Louis Even le samedi, 15 janvier 1944. Dans Le Crédit Social enseigné par Louis Even

Le 1er février, il y aura des élections municipales dans plusieurs villes de la province de Québec. Dans quatre d'entre elles, à Rouyn, Malartic, Val d'Or et Drummondville, l'Union des Électeurs se met en branle pour pousser dans le conseil muni­cipal le plus possible de créditistes.

Cette action surprend certains observateurs — observateurs qui ne sont pas activement liés au mouvement créditiste. La Frontière de Rouyn a même consacré un éditorial à critiquer cette déci­sion.

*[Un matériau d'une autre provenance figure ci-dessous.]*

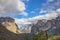 Beautiful view in Yosemite valley with half dome and el capitan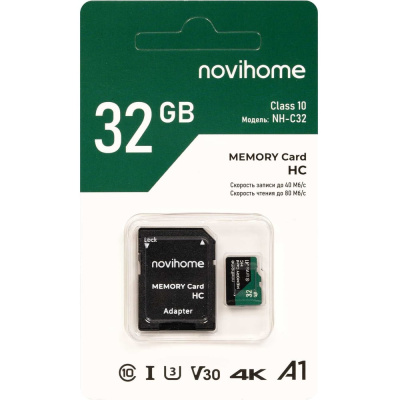 Карта памяти Novihome MicroSDXC 32Gb Class 10 V30 M9010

Évidemment, les créditistes, lorsqu'ils veulent prendre des décisions pour avancer leur cause, ne vont pas demander conseil à ceux qui ne s'intéres­sent que peu ou point à son succès.

"C'est mettre la politique à l'hôtel-de-ville," crient des scandalisés.

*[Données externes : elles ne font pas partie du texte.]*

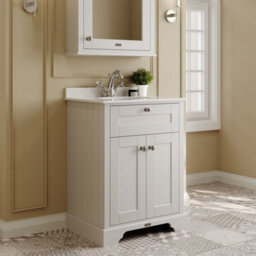 Hudson Reed Floor Standing 2 Door Traditional Vanity Unit With 1 Tap Hole White Marble Top & Basin, Timeless Sand, 620 X 470 mm - thumbnail 4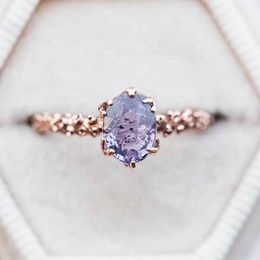 Band Rings Elegant Rose Gold Colour Purple Geometirc Polygon Crystal Rhinestone Zircon Metal Ring for Women Jewellery Accessories Size 610 Z0327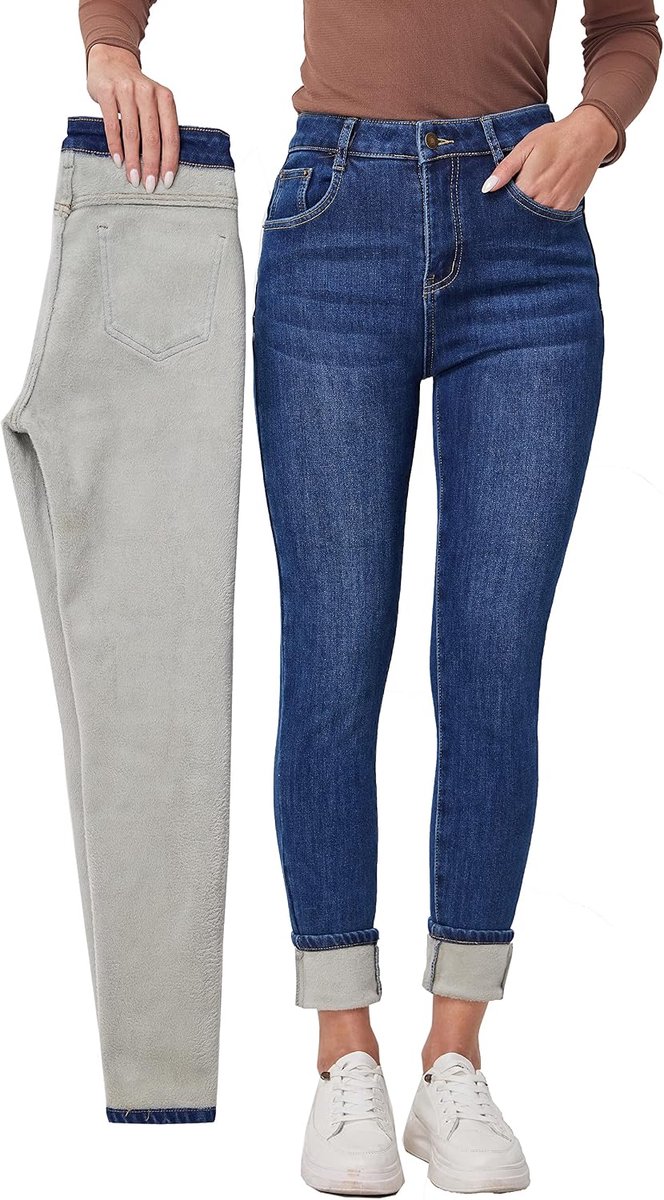 Fleece gevoerde jeans voor dames, winter, thermische jeans, denim, skinny, warme jeans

Si la politique est le service du bien commun, il en faut à l'hôtel-de-ville comme dans toutes les administrations publiques.

Si la politique est le service d'intérêts particu­liers, il n'en faut ni là ni dans les parlements.

Les créditistes croient poursuivre le bien com­mun, et non pas les intérêts de particuliers ou de clans, et ils attendent encore qu'on leur prouve le contraire.

Ils ont assez bien défini leur but dans la double formule :

En économique, le Crédit Social, pour servir la masse des consommateurs.

En politique, l'Union des Électeurs, pour faire servir la masse des citoyens.

Une division des électeurs, un groupe particulier de citoyens, pourrait avoir une vision bornée. La masse des électeurs, l'Union des Électeurs, si elle s'occupe d'elle-même, s'occupe de tous les électeurs.

Et pour atteindre leur but, le service de tous dans l'économique et la politique, les créditistes vont prendre tous les moyens légitimes à leur dis­position, à mesure qu'ils en seront capables.

S'ils échouent dans certaines tentatives : c'est simplement parce qu'ils ne sont pas assez forts, parce que leur doctrine n'est pas assez connue, pas assez universellement reçue — pas parce qu'elle n'est pas bonne, ni parce que le moyen essayé n'est pas bon.

* * *

Mais, est-ce que le fait de se donner des conseils municipaux instaurerait le Crédit Social au pays ? Pas du tout. Nul créditiste renseigné ne s'illusionne à ce point. Ce ne sont pas les conseils municipaux qui feront une législation créditiste.

Mais tous les créditistes savent aussi une chose. C'est que la voix d'un homme reste une voix isolée ; tandis qu'un conseil municipal peut parler au nom de toute une corporation.

Et si, dans la province, des centaines de conseils municipaux demandent aux gouvernements supé­rieurs, au nom des dizaines de mille familles des corporations dont ils sont les officiers, une législa­tion pour l'homme et non plus pour la piastre, les gouvernements supérieurs feraient moins facile­ment la sourde oreille.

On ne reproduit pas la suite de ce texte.